Distortion elements in group actions on surfaces. (English) Zbl 1088.37009
Here, \(S\) is a closed orientable surface, \(\mu\) is a Borel probability measure on \(S\) and \(\text{Diff}(S)_0\) is the group if \(C^1\)-diffeomorphisms of \(S\) that are isotopic to the identity. Let \(G\) be a finitely generated group. An element \(f\in G\) is said to be a distorsion element of \(G\) if \(f\) has infinite order and if we have \(\lim\inf_{n\to\infty} | f^n| / n=0\) where \(| f^n| \) denotes the length of the element \(f^n\) of \(G\) with respect to the word metric associated to some finite system of generators of \(G\). (The definition obviously does not depend on the chosen system of generators). The group \(G\) is said to satisfy property \(T\) if the identity element of \(G\) is isolated in the unitary dual \(\widehat G\). The group \(G\) is said to be almost simple if every normal subgroup of \(G\) is finite or has finite index.

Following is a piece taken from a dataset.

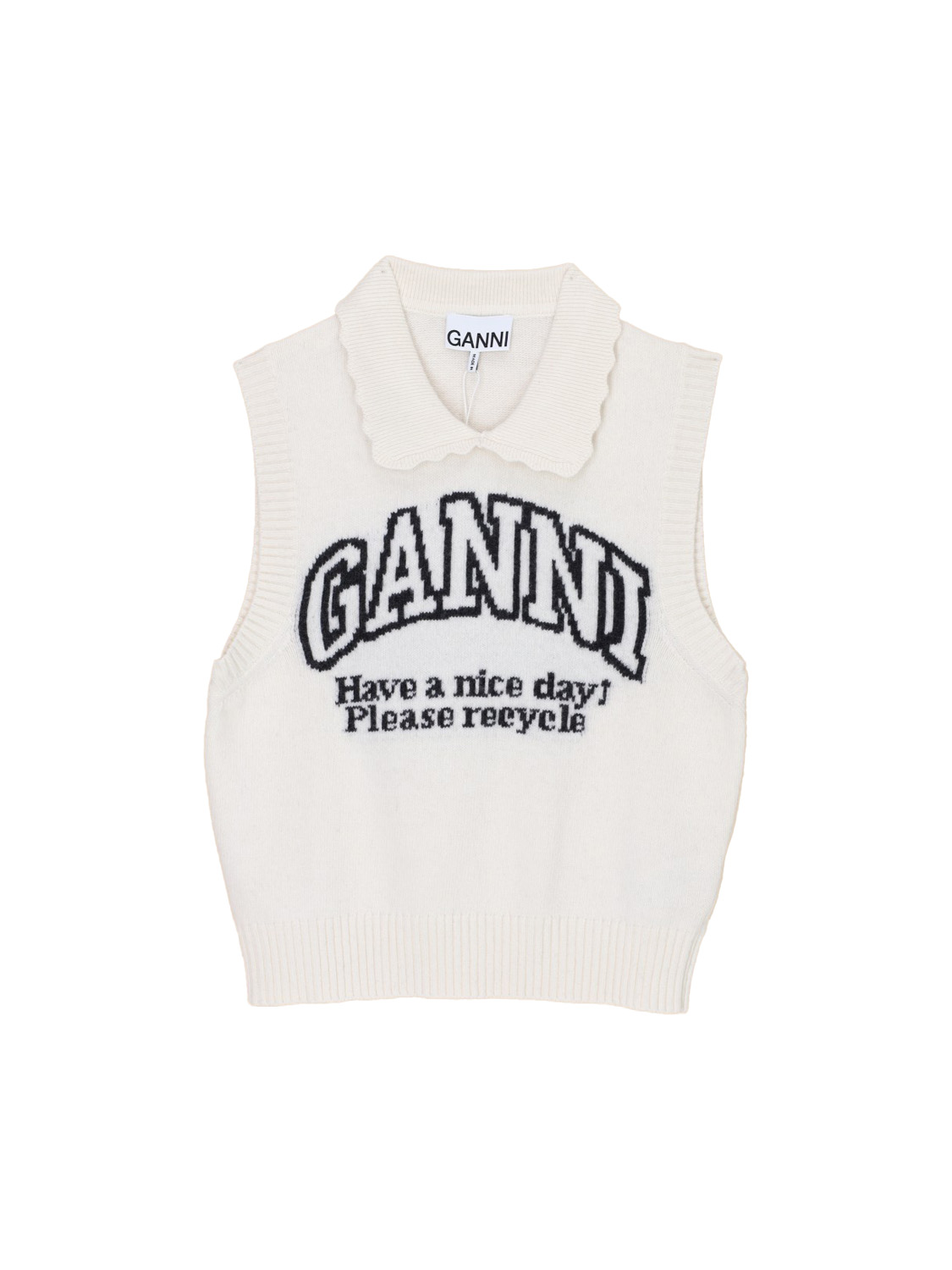 Ganni Graphic – sweater vest made from a wool blend  white S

The main results of this paper are the following theorems:
Theorem 1: If \(f\) is a distorsion element of \(\text{Diff}(S)_0\) and if \(\mu\) is \(f\)-invariant, then the support of \(\mu\) is contained in the fixed-point set of \(f\), provided the genus of \(S\) is \(\geq 2\).
The authors also give related results in the case where \(S\) is a torus or a 2-sphere.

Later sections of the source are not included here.